Langdurige dooiperiodes, vooral als de ijsschotsen nog bedekt zijn met sneeuw, resulteert in de hermobilisatie van de ijspekel en ook de interactie van smeltwater van sneeuw met de pekel. Dit kan resulteren in een duidelijke afgifte van PFAA's in het onderliggende zeewater.
Pekelkanalen aan de onderkant van ijs dienen als unieke habitat voor organismen aan de basis van het mariene voedselweb, en, als gevolg, ze zullen worden blootgesteld aan hoge niveaus van PFAA's die vrijkomen bij pekelafvoer en smeltwater uit het ontdooiende ijspak.
Prof Halsall, co-auteur van het recente Arctic Monitoring Assessment Program (AMAP) rapport over "POPs and Chemicals of Emerging Arctic Concern:The Influence of Climate Change, " zegt dat we een ongelukkige situatie hebben waarin de Noordelijke IJszee nu wordt gedomineerd door eenjarig ijs ten koste van meerjarig ijs als gevolg van de opwarming van de aarde. Dit betekent dat het grootste deel van het ijs in het Noordpoolgebied de vorige winter is gevormd, in plaats van over vele jaren.

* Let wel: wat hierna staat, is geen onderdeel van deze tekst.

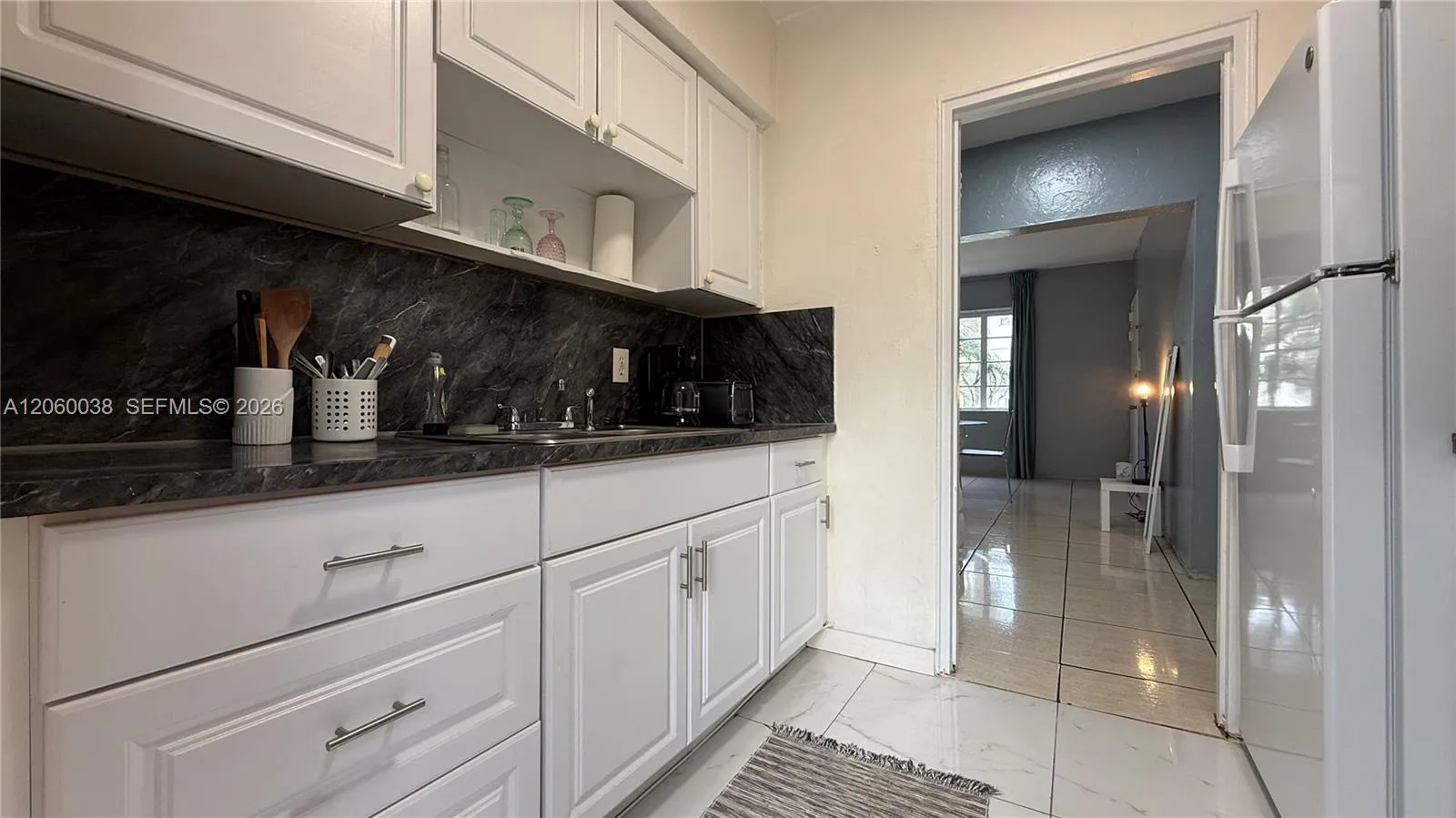 650 84th St # 35, Miami Beach, FL 33141 photo 3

Dit eenjarige ijs bevat veel mobiele pekel die in wisselwerking staat met de bovenliggende sneeuwlaag en kan dienen om verontreinigende stoffen zoals PFAS te concentreren, die meestal op zeer lage niveaus worden aangetroffen.
Helaas, met eerdere en meer grillige dooigebeurtenissen, dit kan leiden tot het snel vrijkomen van de opgeslagen chemicaliën, wat resulteert in hoge concentraties in de wateren rond de ijsschotsen.
Alleen door dit soort onderzoekswetenschap kunnen we de dynamiek van het gedrag van vervuilende stoffen begrijpen en de belangrijkste gevaren identificeren, vooral die met betrekking tot klimaatverandering.
Dit kan op zijn beurt leiden tot internationale wetgeving, zodat chemicaliën die dit soort gedrag vertonen, worden verboden.